- **Task statement**
Reproduce every record below exactly, with the pictures left out.

- **Source information**

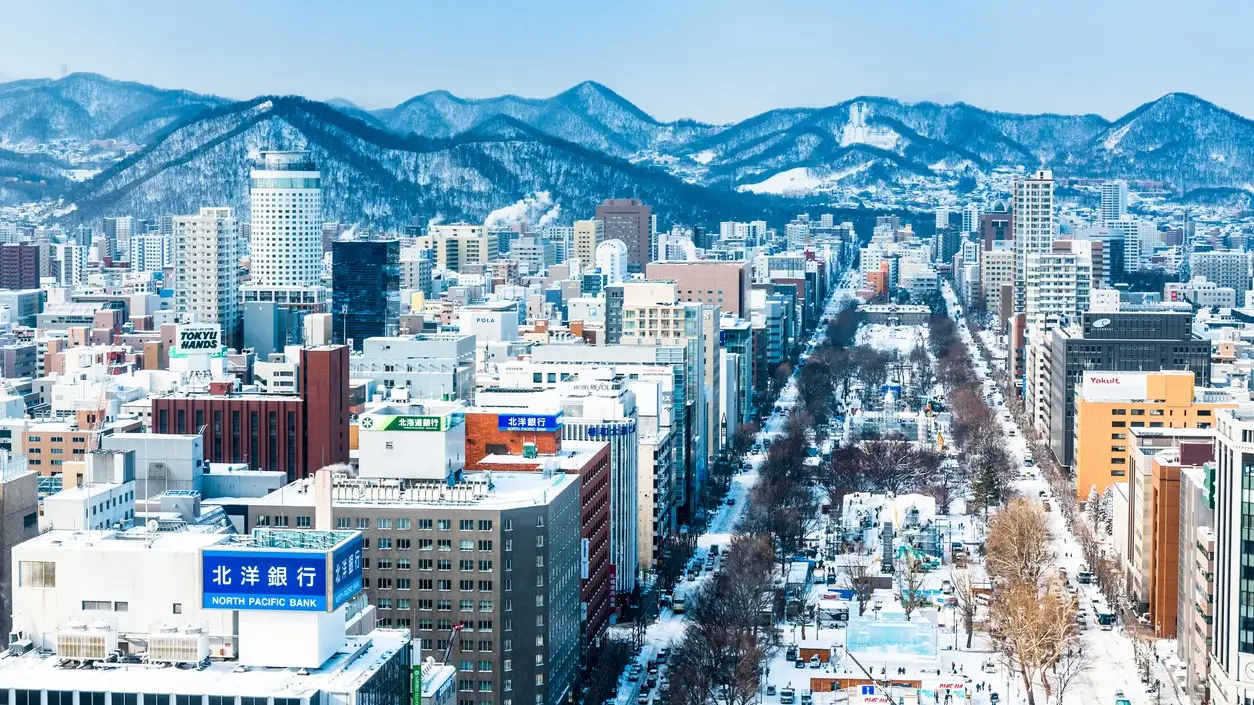 Odori garten, Sapporo, Japan Blick auf den Odori-Garten vom Fernsehturm in der Wintersaison, Sapporo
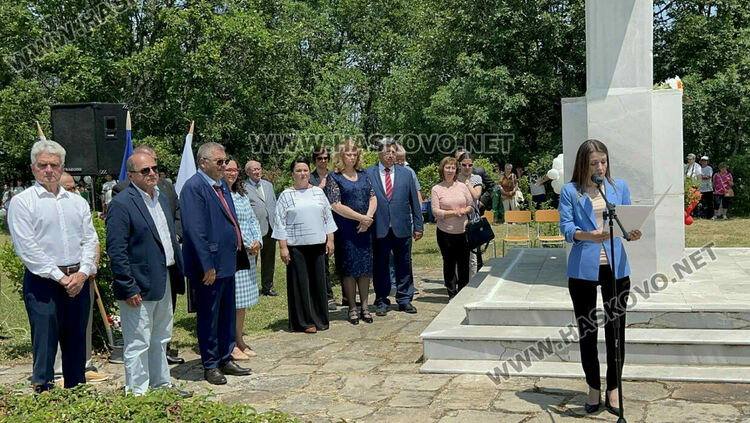 Потомци на бежанци склониха глава пред паметника на избитите над 200 деца и майки на „Илиева нива“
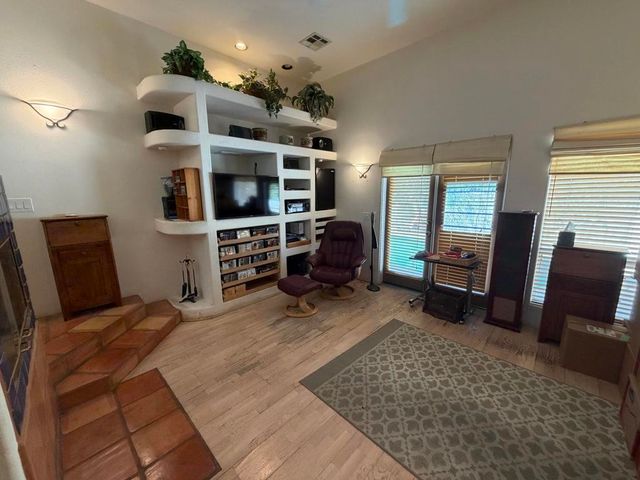 77360 Calle Tecate, La Quinta, CA 92253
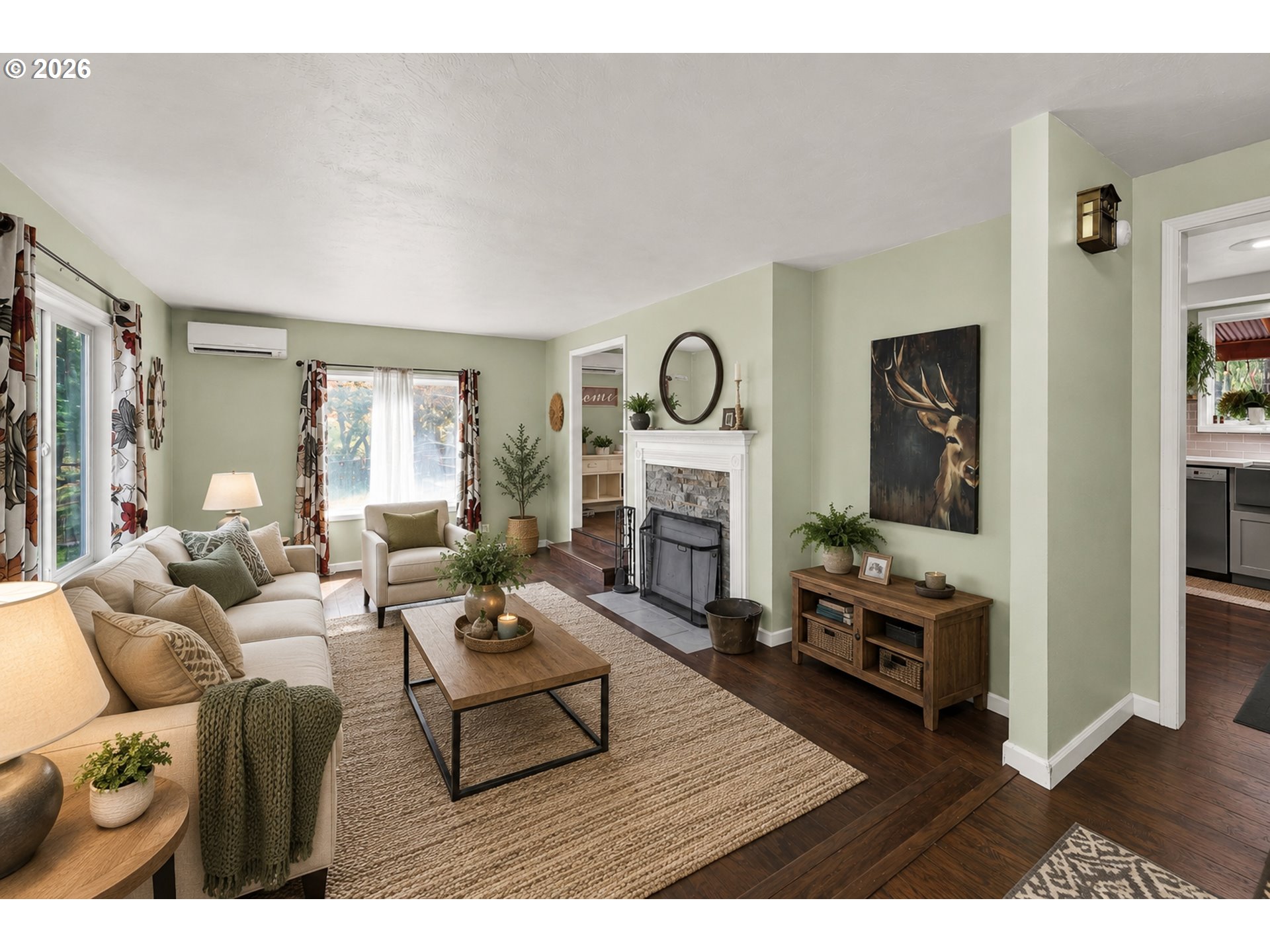 87167 Dukhobar Road Eugene, OR 97402 - Photo 7 of 48 Living Room/Entrance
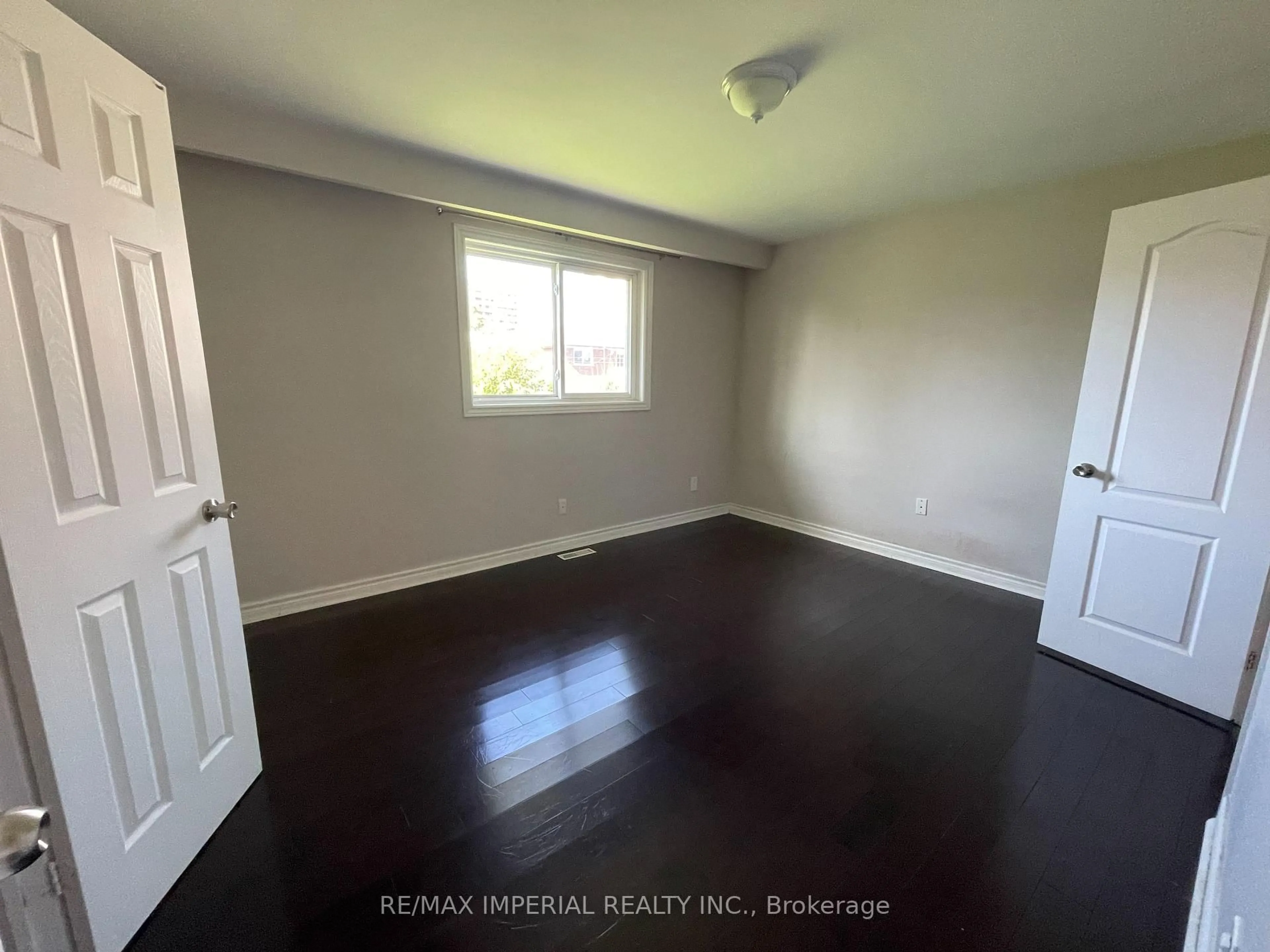A pic of a room for 28 Bowhill Cres, Toronto Ontario M2J 3S2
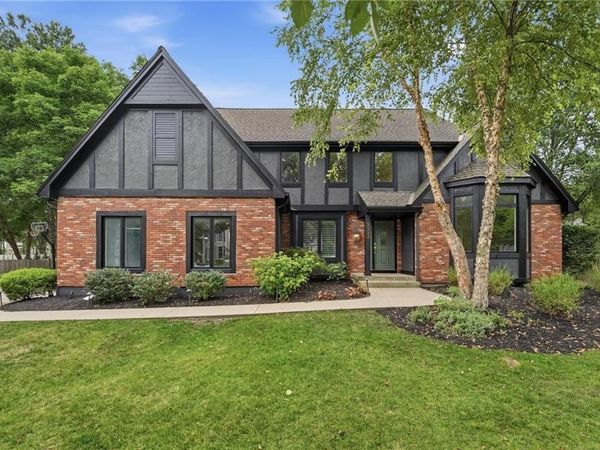 3353 W 129th Terrace, Leawood, KS 66209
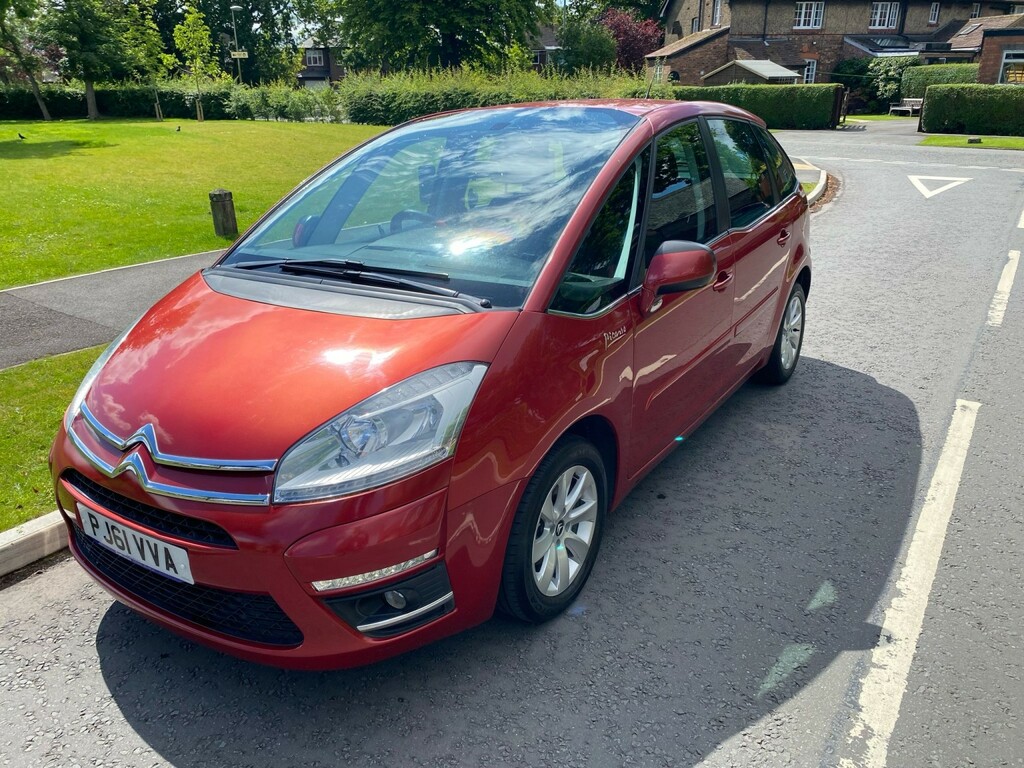 Citroen C4 Picasso 1.6 Hdi Vtr Red #3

- **Problem solution**
 Odori garten, Sapporo, Japan Blick auf den Odori-Garten vom Fernsehturm in der Wintersaison, Sapporo
 Потомци на бежанци склониха глава пред паметника на избитите над 200 деца и майки на „Илиева нива“
 77360 Calle Tecate, La Quinta, CA 92253
 87167 Dukhobar Road Eugene, OR 97402 - Photo 7 of 48 Living Room/Entrance
A pic of a room for 28 Bowhill Cres, Toronto Ontario M2J 3S2
 3353 W 129th Terrace, Leawood, KS 66209
 Citroen C4 Picasso 1.6 Hdi Vtr Red #3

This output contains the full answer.